Présentation de Sylvie Christofle
Sylvie Christofle est géographe et enseignant-chercheur à l’IAE Nice – Université Côte d’Azur (UCA). Ses recherches portent sur : le tourisme de réunions et de congrès/MICE, l’évènementiel, les stratégies territoriales de communication touristique via les réseaux sociaux numériques, le tourisme et les villes.
Elle est co-directeur d’études du Master Tourisme Management de l’hôtellerie internationale à l’IAE de Nice. Sylvie Christofle est membre de l’UMR ESPACE 7300 et membre associée à GRM (Groupe de Recherche en management-UCA).

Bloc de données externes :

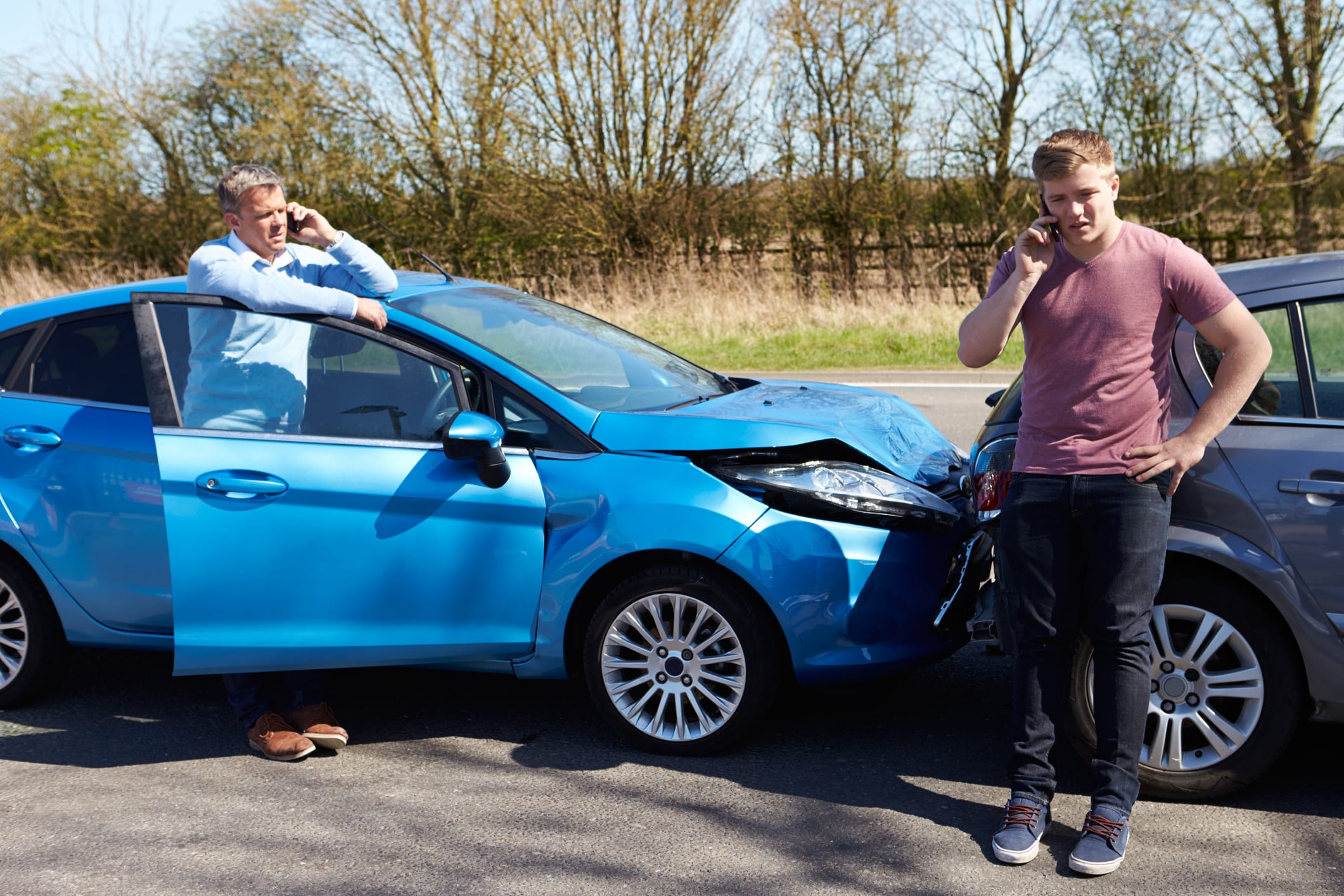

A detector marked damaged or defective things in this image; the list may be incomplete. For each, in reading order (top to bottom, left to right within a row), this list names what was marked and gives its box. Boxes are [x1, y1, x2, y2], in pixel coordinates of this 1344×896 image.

damaged blue car [0, 276, 983, 752]
crumpled hood [591, 381, 968, 486]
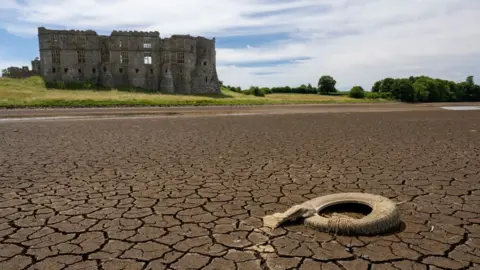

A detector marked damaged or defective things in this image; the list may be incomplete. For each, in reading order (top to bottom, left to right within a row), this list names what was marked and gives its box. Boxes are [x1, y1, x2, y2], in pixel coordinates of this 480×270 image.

abandoned tire [304, 193, 402, 235]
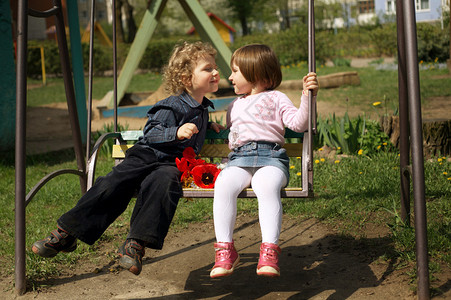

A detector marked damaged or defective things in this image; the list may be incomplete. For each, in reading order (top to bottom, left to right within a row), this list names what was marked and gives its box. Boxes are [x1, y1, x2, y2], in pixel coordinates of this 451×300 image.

rusty metal post [402, 0, 430, 298]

En matière d’actualités de recherche, Sylvie Christofle a présenté en mai dernier une communication (« Covid19 et destinations touristiques congressuelles mondiales : analyse diachronique d’impact et de stratégies de sortie de crise ») lors du colloque international : « City, Events, Mega-events and Tourism » organisé par l’association AsTRES et ORME (Observatoire pour la Recherche sur les Méga-Evènements). A l’occasion de la publication de son dernier article, paru dans Juristourisme en juin 2021, « Tourisme d’affaires – phygitalisation : une mutation durable ? », elle nous a accordé un entretien pour échanger sur le tourisme de réunions et de congrès et les évolutions de ce secteur.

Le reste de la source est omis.